January 21, 2012, 6:55 am
By David Barash
Sex is a problem for evolutionary biologists, a very big problem. (Let’s be clear: we don’t personally have any more difficulty with it than does anyone else; it’s strictly a professional problem!) And here it is: By all rights, sex shouldn’t exist. Ask most non-biologists what sex is “for,” and they’d probably answer “reproduction,” but they’d be wrong.
In fact, sex is quite simply a terrible way to reproduce.
The reality is that living things can easily make babies without sex, and many do just that. Lots of animals breed asexually, via parthenogenesis (development of an unfertilized egg, without any involvement by males); the list includes many insects, crustaceans, rotifers, flatworms, snails, even some vertebrates including certain species of shark, lizard and the occasional bird. And it’s quite common in plants.

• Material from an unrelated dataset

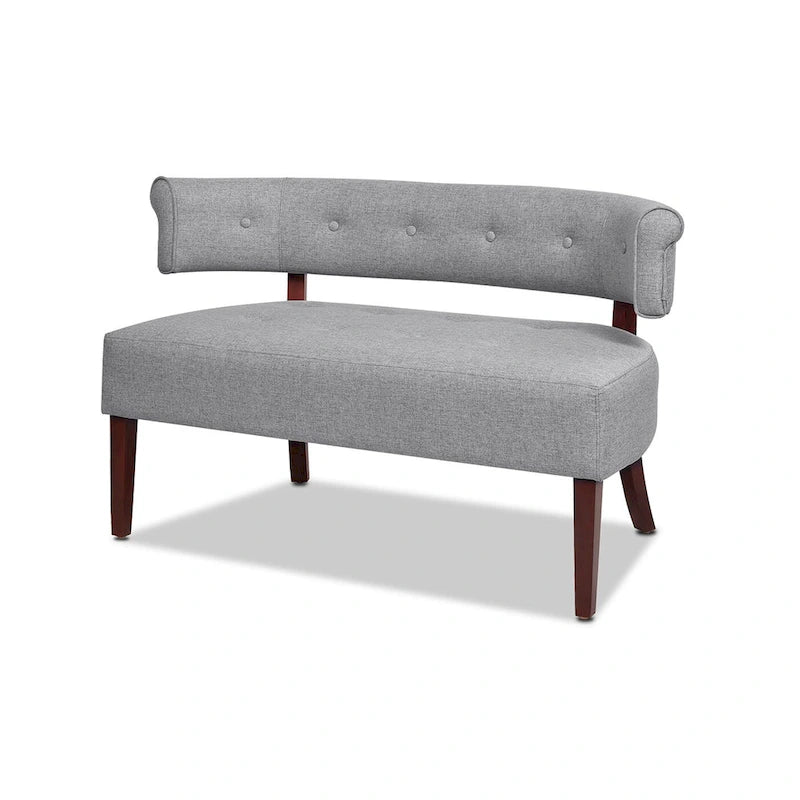Banquette causeuse touffetée 51 (moderne, avec accoudoirs encastrés)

The evolutionary conundrum is that compared to asexual reproduction, breeding sexually poses a daunting number of disadvantages, so many, in fact, that a number of highly regarded evolutionary theorists have concluded rather glumly that sex may actually be a biological liability, something that we—and other species as well—are regrettably stuck with. Here is a brief catalog of its downsides, reasons why sex is such an evolutionary dilemma. (Fear not, however. I’ll conclude, next time, with its likely saving grace.)

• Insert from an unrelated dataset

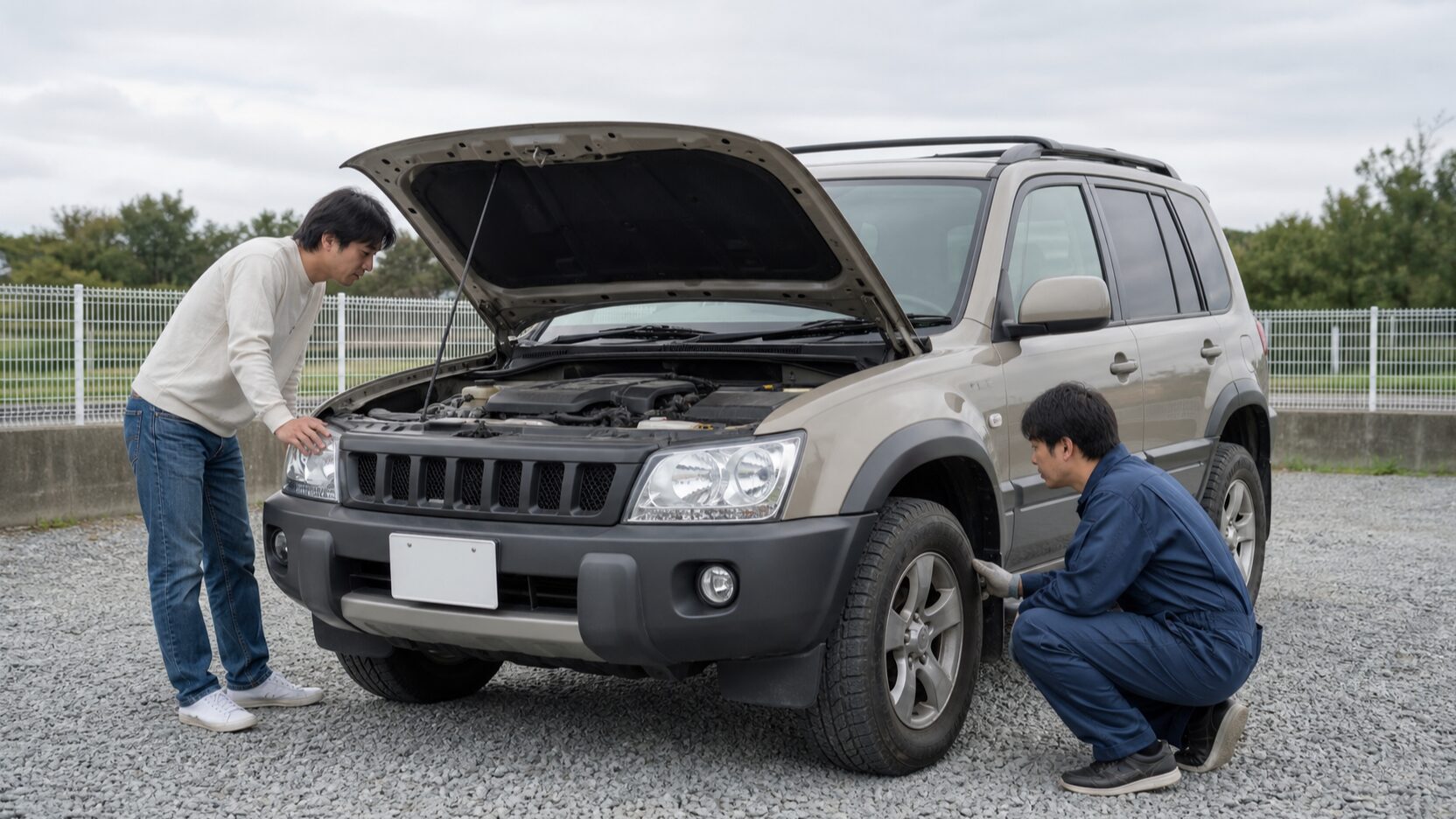 中古のRAV4風SUVを購入前に点検する日本人のイメージ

First, there are a number of ecological downsides. For starters, every individual who reproduces sexually needs to find a partner, which is often easier said than done. The Indonesian rhinoceros, for example, has become so rare, in part, because male and female literally have difficulty encountering each other, it seems. And we all know people who have their own troubles finding an acceptable mate. How awkward, and how much easier it would be if breeding were simply up to each would-be parent, acting on her own!

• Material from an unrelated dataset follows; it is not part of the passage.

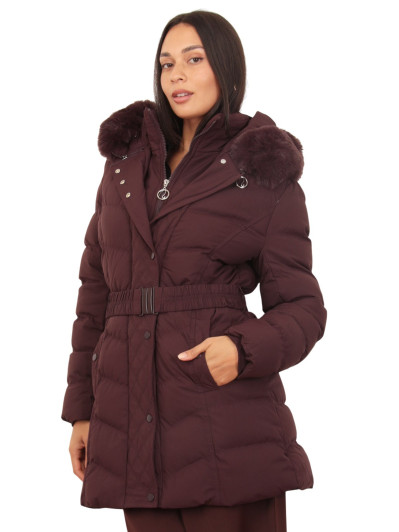 Doudoune à capuche fausse fourrure ceinturée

According to Aristophanes in Plato’s Symposium, ancestral human beings didn’t have this problem, because they were a bit different from today: Each had two heads, four arms and legs, and two sets of genitals, one male and one female. Every individual was thus a complete, reproductively competent package. But these characters, called Androgynes, grew uppity and self-important, so Zeus decided to diminish them by hurling thunderbolts, as was his wont. Each Androgyne was neatly split in two, and as a result, we have been doomed ever since to search the world for our missing other half. And indeed, people—like Indonesian rhinos—often fail in their quest.